The patriots took the republics of Athens and Rome as models of virtuousness and spiritual rectitude and conceptualized them as standing in stark contrast to the corrupt and depraved oligarchies and monarchies into which they degenerated. Transposed onto their own time, they frequently viewed themselves as the rightful heirs to these original republics and the monarchical power that wielded the colonial sceptre as a double of antique tyranical regimes, which was also venal and morally debased into the bargain.

            This of course did not hinder them from employing ideas that had originated in Europe and especially in England as arguments for their political aim of self-government.

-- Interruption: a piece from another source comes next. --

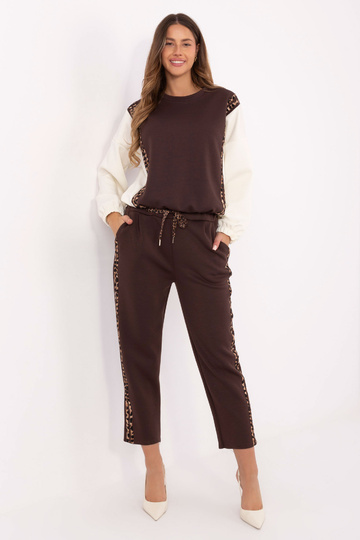 Komplekt IT KMPL pruun 2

Most prominent among the long list of European luminaries who came to be godfathers of the new American Republic is perhaps John Locke whose Essay Concerning Human Understanding (1690) by pointing out, as Woods puts it, that “only education and cultivation separated one man from another” (A R, 102) paved the way to an egalitarian view of human beings and whose concept of a social contract as laid down in his Second Treatise on Civil Government (1690 (?)) became increasingly important after the Declaration of Independence when “Americans needed some contractual analogy to explain their evolving relationships among themselves and with the state.” (C A R, 283)

            But Locke was by far not the only figure into whose writings the Whig patriots tapped in order to find concepts that could explain the situation they found themselves in as well as justifications for their revolutionary plans. Pulling together ideas from people as diverse as Machiavelli, the Renaissance writer who served as the transmitter of ideas of Republicanism from classical antiquity to modern times, and the thinkers of the Scottish Enlightenment, who modified the Lockean emphasis on the individual by “positing [a] natural social disposition, a moral instinct, a sense of sympathy, in each human being”, (A R, 103) as well as calling in their guaranteed ‘Rights of Englishmen’, which Parliament had wrested from the English monarchs over the centuries, the American elite cobbled together a system of self-empowerment as well as of legitimation of revolutionary action. To employ a very generalizing umbrella-term, one might say that Enlightenment-discourses in all their various forms stood at the beginning of the project of an American Republic; the United States can be seen as a brain-child of radical European ideas that had been stifled in their places of origin but which could flourish in new surroundings.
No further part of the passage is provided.